Thanks man. That's what I'm gonna do.
It's so cold here in Minnesota, maybe also part of reason. haha~


----------



## Wing_Nut (Mar 6, 2005)

sonic.v said:


> Thanks man. That's what I'm gonna do.
> It's so cold here in Minnesota, maybe also part of reason. haha~


Dude, if you left it sitting outside in the Minnesota winter for a week or two, you should not be surprised that the battery is dead.

I went to school in Vermont. We had many sub-zero days/nights. I bought a battery strap and would disconnect it and bring it into the dorm on those really cold nights. It takes 5 minutes to install or disconnect.

If you're going to let it sit outside in winter for extended periods without starting, you should definitely disconnect the battery and put it somewhere reasonably warm.

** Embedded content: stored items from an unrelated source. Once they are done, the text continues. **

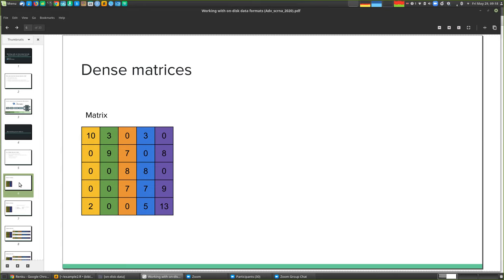Let's consider ways of representing matrices. The obvious representation is the 2D grid — everybody's seen this. This is a moderately sparse matrix, with rows and columns and quite a lot of zeros. This is the standard dense matrix: if you create a matrix in R or Python, pretty much every element will have an entry, taking up a certain amount of space in memory.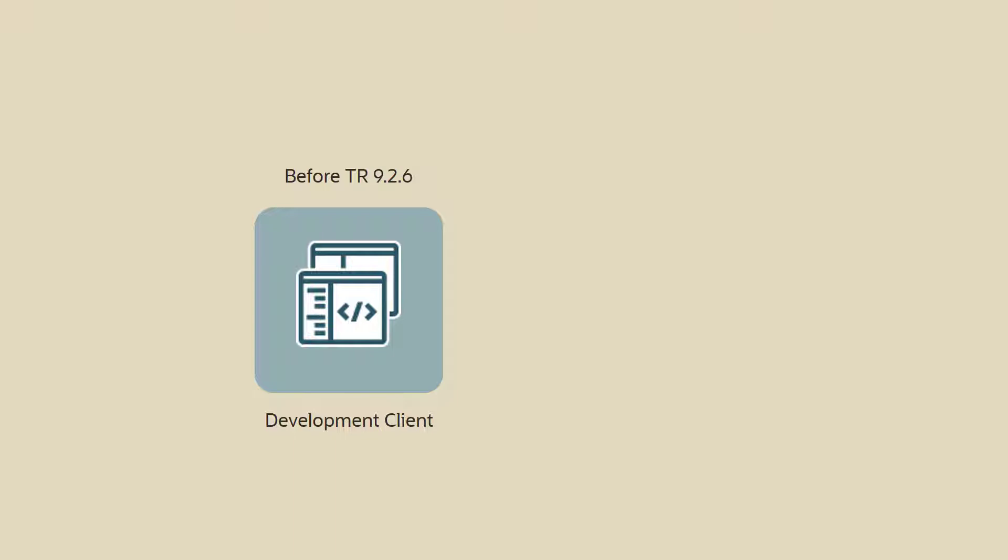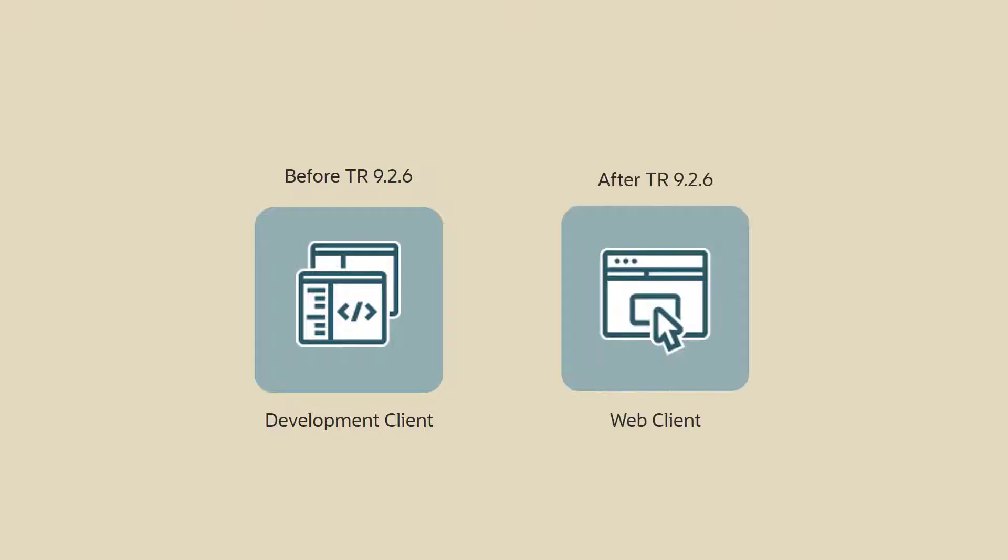However, with this feature, we have removed that dependency and now you can create external forms directly from within the EnterpriseOne web client and test the external form applications in just a few minutes.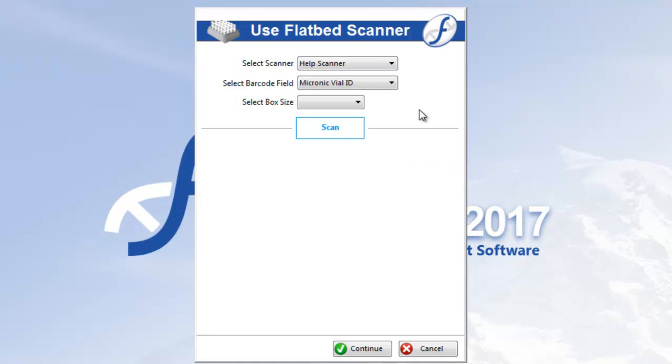So first you'll select your scanner, and if only one scanner is configured in your database, as is the case for me, then it will automatically be selected. The barcode field defaults to the selection made during configuration, but you can change it if you like here.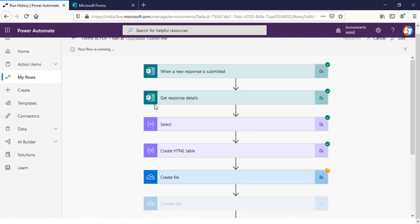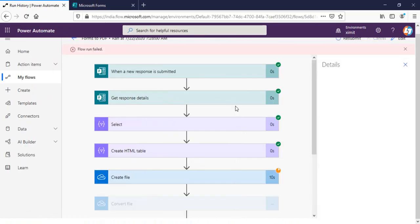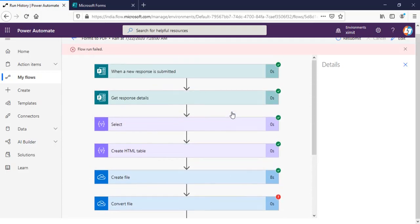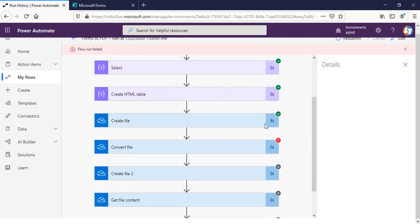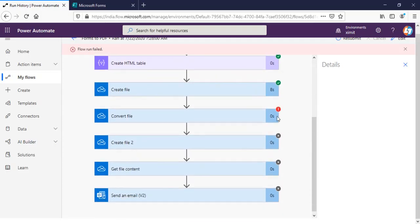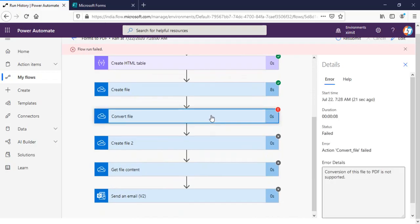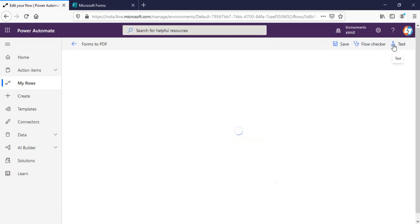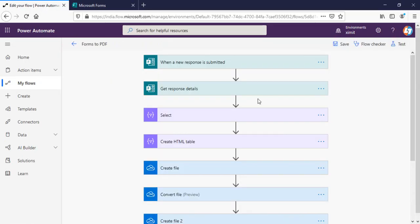You can see that flow is running successfully. So there is an error came here in this convert file. So conversion of this file to PDF is not supported. Let me just go back to there.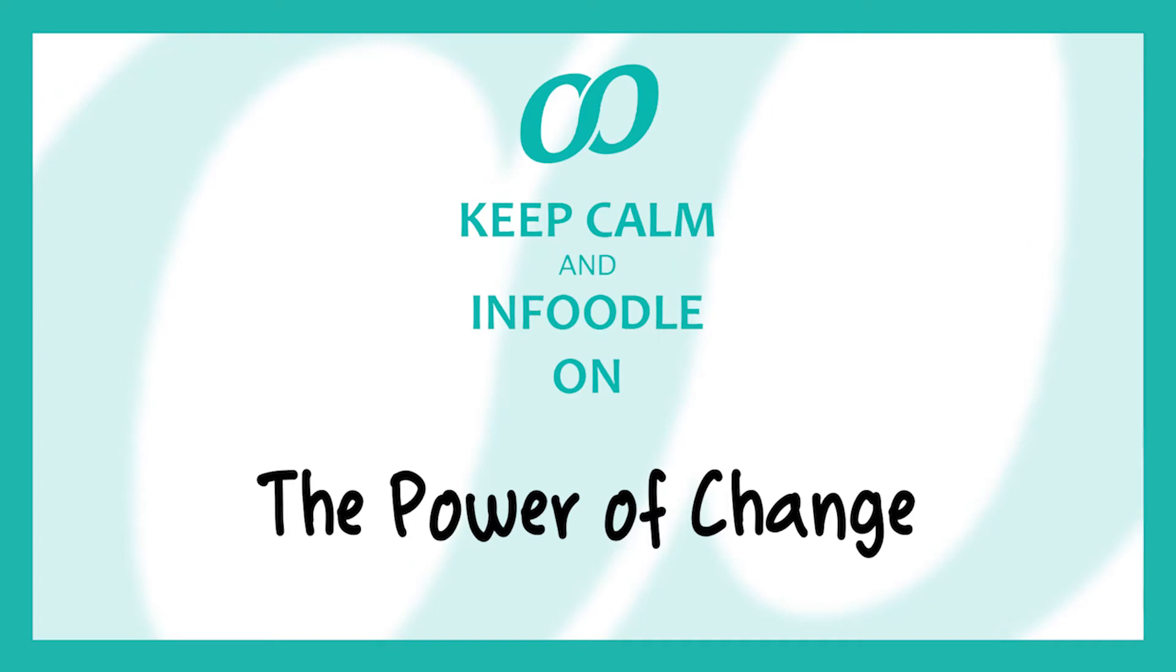Hi there and welcome to this training session. My name is Dave and I'll be taking through this session, The Power of Change.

As an added benefit, this technique makes a great anti-theft measure.


----------



## PDQ GTO (Jun 21, 2007)

To chime in on the other posts; your Goat is A-OK. Just a MN winter...


----------



## sonic.v (Jan 30, 2008)

I just left it in the garage for two months coz' my friend told me it's OK. 
I don't know how to deal with that battery stuff...
I should've leave it to my friend's house and let him drive once in a while. That's what I'm gonna do in summer break~~
Today I also found my right rearview mirror can't be controlled... I really need to have the Auto Service to check everything now~


----------



## raspantienator (Nov 20, 2007)

My suggestion is to bring her in- the warrantee will cover the battery and they can check your mirror.

I just brought my 05 GTO in October and I'm getting the spiders out of it as well. I had my battery replaced too. The faithfull GTO members say to have faith and stay the course so I will pass that onto you. 
The GTO is a worthy machine so take her to your Pontiac man.


----------



## GTO JUDGE (May 14, 2005)

Invest in a batter tender. When you leave the car sit, especially in that weather, hook it up, your battery will thank you. 

A battery tender will run you about 60.00.


----------



## GOATTEE (Nov 30, 2006)

sonic.v said:


> I just left it in the garage for two months coz' my friend told me it's OK.
> I don't know how to deal with that battery stuff...
> I should've leave it to my friend's house and let him drive once in a while. That's what I'm gonna do in summer break~~
> Today I also found my right rearview mirror can't be controlled... I really need to have the Auto Service to check everything now~


The battery is also covered by warranty so do not pay to replace or charge. Just take it to Pontiac and they will take care of it.


----------



## ppurfield001 (Jan 21, 2008)

sonic.v said:


> I bought the 06 GTO several months ago. And leave it in the garage during the winter break when I go back to China.
> On Monday night I took it out and park it in my school parking lot.
> I can't start it any more... I did jump started it yesterday and today. Let it run like 20 mins, 30 mins. Then turn off, it just won't start.
> I feel so bad... I just bought it several months... and it's a new car...
> How can this thing happens...


Griot's Garage (Car Care, Detail Supplies, Garage Organization, Car Accessories - Griot's Garage 800-345-5789) has a good battery tender. I use it when I store my '67 GTO coupe for extended periods of time. Welcome to the forum and good luck.


----------